Do medytacji z kalwaryjskiego Wzgórza – Msza św. w piątek 24 kwietnia 2020r.

Liturgia Słowa – piątek II Tydzień Wielkanocny wspomnienie św. Fidelisa z Sigmaringen, prezbitera i męczennika – 24 kwietnia 2020r.
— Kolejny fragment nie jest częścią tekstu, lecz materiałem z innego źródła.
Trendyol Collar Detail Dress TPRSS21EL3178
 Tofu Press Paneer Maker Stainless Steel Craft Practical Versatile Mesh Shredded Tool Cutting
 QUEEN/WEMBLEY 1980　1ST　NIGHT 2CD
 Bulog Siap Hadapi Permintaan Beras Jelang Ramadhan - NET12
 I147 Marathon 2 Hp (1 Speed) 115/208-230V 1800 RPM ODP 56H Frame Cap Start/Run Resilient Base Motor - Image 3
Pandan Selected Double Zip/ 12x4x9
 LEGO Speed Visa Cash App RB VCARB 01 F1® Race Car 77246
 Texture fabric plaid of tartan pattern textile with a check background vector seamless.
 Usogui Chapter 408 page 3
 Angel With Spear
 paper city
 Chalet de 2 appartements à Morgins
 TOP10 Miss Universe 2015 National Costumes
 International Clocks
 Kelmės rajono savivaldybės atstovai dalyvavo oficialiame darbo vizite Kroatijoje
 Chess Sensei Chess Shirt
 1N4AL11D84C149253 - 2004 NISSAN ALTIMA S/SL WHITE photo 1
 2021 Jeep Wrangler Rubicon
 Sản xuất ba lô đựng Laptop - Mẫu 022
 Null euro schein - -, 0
1. czytanie (Dz 5, 34-42) Nie można zniszczyć dzieła pochodzącego od Boga
Czytanie z Dziejów Apostolskich
Pewien faryzeusz, imieniem Gamaliel, uczony w Prawie i poważany przez cały lud, kazał na chwilę usunąć apostołów i zabrał głos w Radzie: «Mężowie izraelscy – przemówił do nich – zastanówcie się dobrze, co macie uczynić z tymi ludźmi. Bo niedawno temu wystąpił Teudas, podając się za kogoś niezwykłego. Przyłączyło się do niego około czterystu ludzi, został on zabity, a wszyscy jego zwolennicy zostali rozproszeni i ślad po nich zaginął. Potem podczas spisu ludności wystąpił Judasz Galilejczyk i pociągnął lud za sobą. Zginął sam, i wszyscy jego zwolennicy zostali rozproszeni. Więc i teraz wam mówię: Zostawcie tych ludzi i puśćcie ich! Jeżeli bowiem od ludzi pochodzi ta myśl czy sprawa, rozpadnie się, a jeżeli rzeczywiście od Boga pochodzi, nie potraficie ich zniszczyć, i oby się nie okazało, że walczycie z Bogiem». Usłuchali go. A przywoławszy apostołów, kazali ich ubiczować i zabronili im przemawiać w imię Jezusa, a potem zwolnili. A oni odchodzili sprzed Sanhedrynu i cieszyli się, że stali się godni cierpieć dla Imienia Jezusa. Nie przestawali też co dzień nauczać w świątyni i po domach i głosić Dobrą Nowinę o Jezusie Chrystusie. Oto Słowo Boże.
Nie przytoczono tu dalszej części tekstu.